Les décisions sont prises en solo par le maire, le conseil municipal étant transformé en simple chambre d’enregistrement. Le climat des séances est révélateur : c’est le lieu du monologue, où le maire a l’exclusivité de la parole, avec la morne approbation de sa majorité. Seules interruptions, les saines interventions de l’opposition, qui fait là son travail. Puis les votes s’enchaînent, mécaniques … Dans les bons jours, toute divergence d’opinion devient une offense personnelle au maire. Certes la loi donne beaucoup de pouvoirs au premier élu de la commune, mais l’art de ce dernier est de les exercer avec tempérance. Se retenir de tout décider, de tout contrôler soi-même. Un vœu pieux à Nogent.

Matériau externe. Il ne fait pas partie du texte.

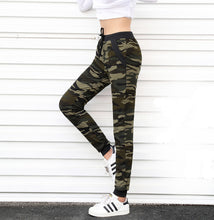 Afbeelding in Gallery-weergave laden, Belted camouflage pencil pants
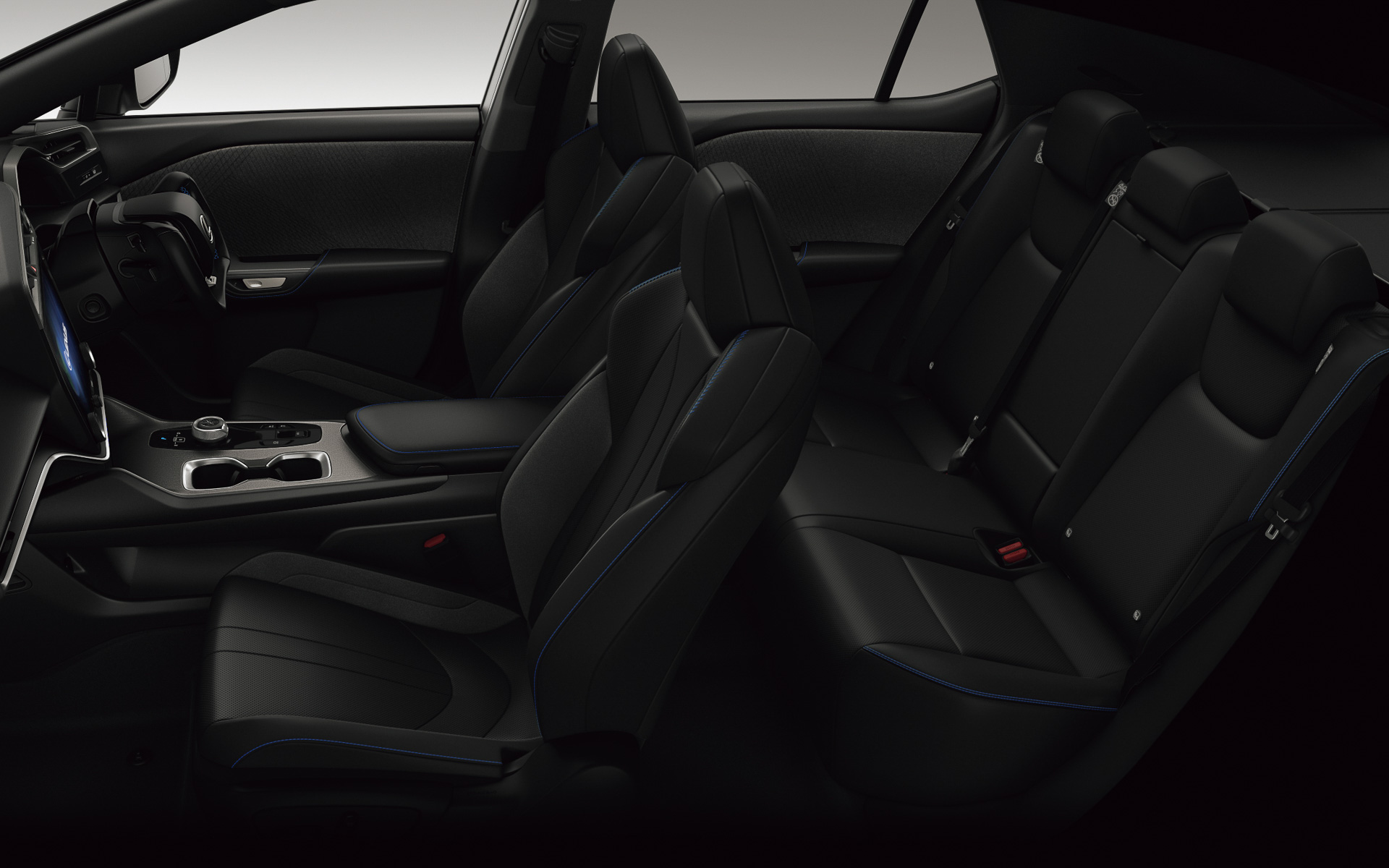 “F SPORT”の内装色は専用の「ブラック＆ダークグレー」。シートはブルーステッチを用いるL Tex スポーツシートを装備する
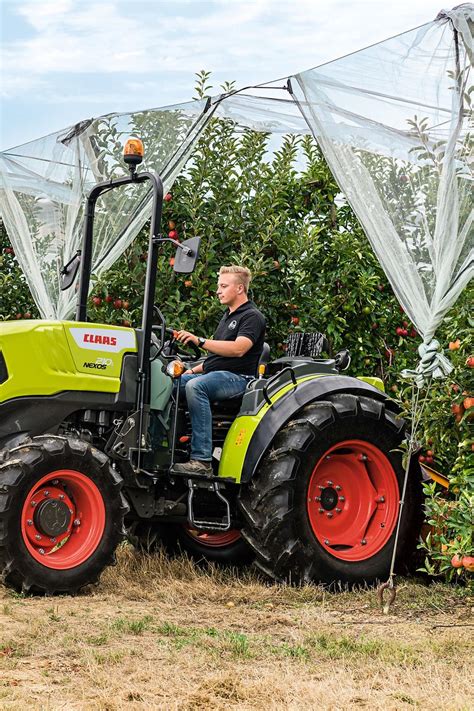 Narrow Width Tractors CLAAS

Condamné à l’inéligibilité par le tribunal administratif, Jacques J.P. Martin gagnera-t-il son appel ? S’il le perd, aura-t-il la tentation de revenir aux affaires, une fois sa peine purgée ? Seul l’avenir nous le dira. Mais cette situation nouvelle offre peut-être une chance aux Nogentais. Dans les mois à venir, qui sait, le maire (ou son successeur) sera enclin à jouer plus collectif, à partager ses prérogatives, à ne pas régenter toute notre vie citoyenne – bref, à rompre avec la pratique étouffante du pouvoir solitaire.
Ainsi circulerait mieux l’air frais de la démocratie locale. Il n’est jamais interdit de rêver.